Today is Easter Sunday, and we spent it doing our taxes. *sigh* they had to be done... again. Neither Rob nor myself enjoys it - often there is a minimum of 1 argument per tax season. That's because we each have our own way of doing things - I like to collect all our T4 slips and deduction slips into a labelled file folder. And Rob likes to lay everything out on a table while we get the slips coming in the mail. And that's one of the minor things!
Anyway, I love my husband dearly and wouldn't trade him for anything. It's just that if a marriage can already withstand in-laws, day-to-finances, (child rearing for some couples but not us), and religious differences - then surviving taxes is a whole different story! It's because this is a stressful time, when we know we're both accountable to the federal government (gasp!) and if one of us makes a minor mistake, we both go to prison or pay the huge fine :( It's a time when we're not only accountable to the government, but also to each other.
So, being that Rob & I have survived approximately 9 tax seasons together (including an explosive fight that nearly ended 'us' a few years ago - we talked it out and fixed it), we're sharing some advice to couples who are new to this 'tax together' thing.

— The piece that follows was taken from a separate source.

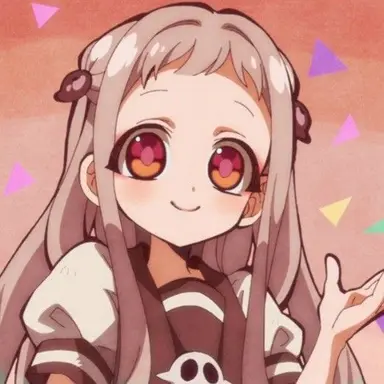 Profile image of 야시로 네네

- This is a time to show your spouse a lot of respect. They are human just like you, probably as nervous (about fines and jail time for tax errors) as you are, and belittling them can actually cause a mistake to happen!
- Put away distractions. This cannot be emphasized enough. When your brain is trying to focus under pressure, the last thing you should be doing is noticing external stimuli. So close those curtains, put away (or turn off!) your cell phones, and keep the TV and radio off. At least until your done. If you find classical music helps you concentrate then that's cool.

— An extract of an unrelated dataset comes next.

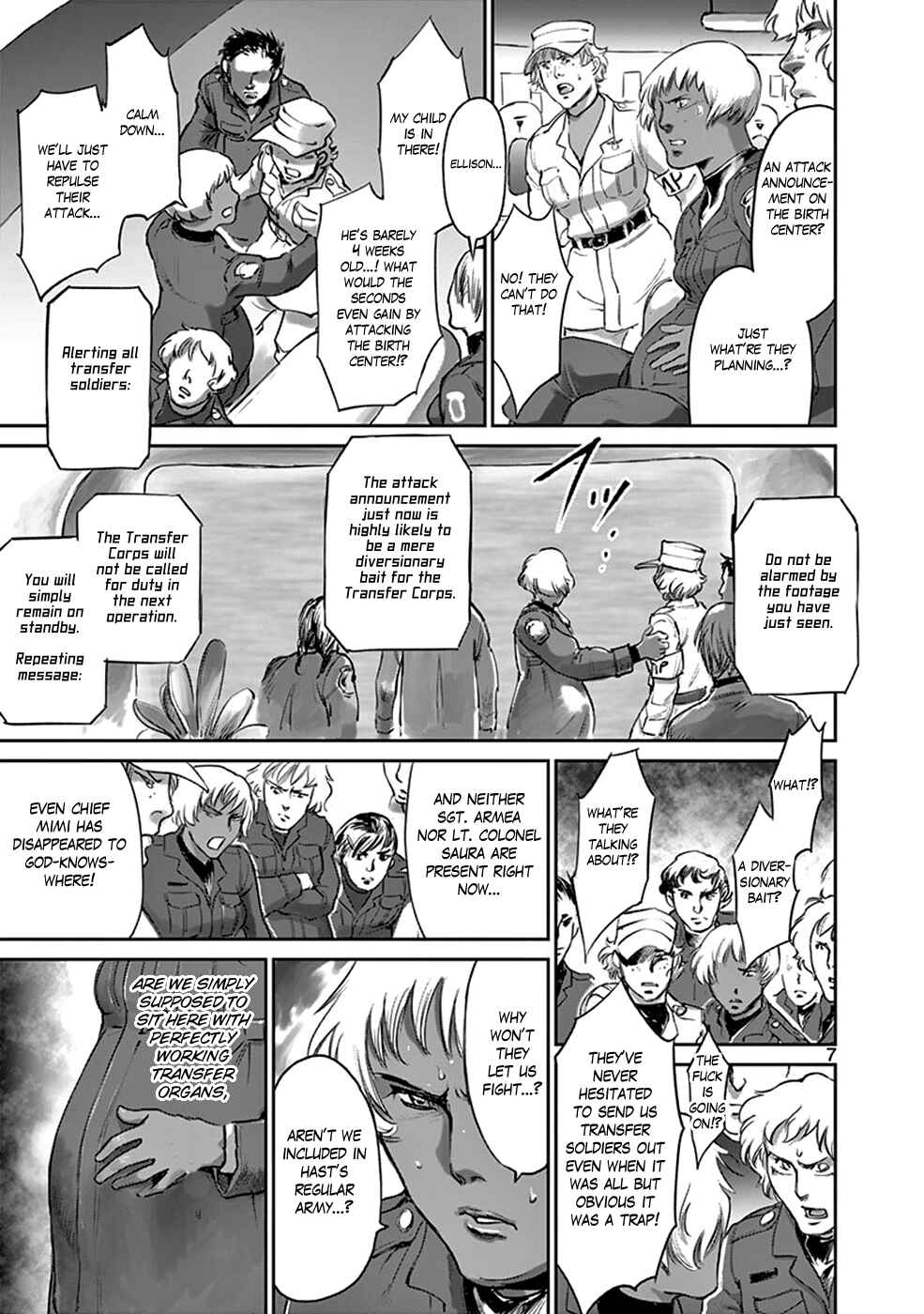 Page 7 Chapter 38 Wombs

- If you're feeling like this whole thing is really getting on your nerves - it's okay to take a break. Most people don't do their entire taxes all in one sitting anyway. The beauty of using digital tax software is that you can stop for awhile and come back to it where you left off.
- It may be helpful, before doing the real thing (actually filing!) to do a practice run or 2, and write out everything financial! There is no 'good time' to hide your financial situation from your spouse. Your finances are shared now, so there's no more secrets.
- Double check each other's numbers. So if your spouse enters their income (and deductions) from their employment forms, etc. Agree to look it over for them (2 pairs of eyes are better than 1 as Rob says). And let them look at yours too. Remember - don't get mad over minor mistakes, they're only human!
- It might also be helpful to openly discuss your fears. Instead of saying to your spouse: "If you mess this up, we're going to jail and I won't forgive you!" Simply admit "I am worried if it looks like we're hiding even a small amount from the federal government, they may send us to jail for fraud." Trust us, the second use of words will get a better reception.
- And last but not least, celebrate! When your taxes are finally done, even if you owe money or break even... just the fact that you got through this stressful time with your spouse is worth a drink of wine or a nice walk, meal out, movie night, etc.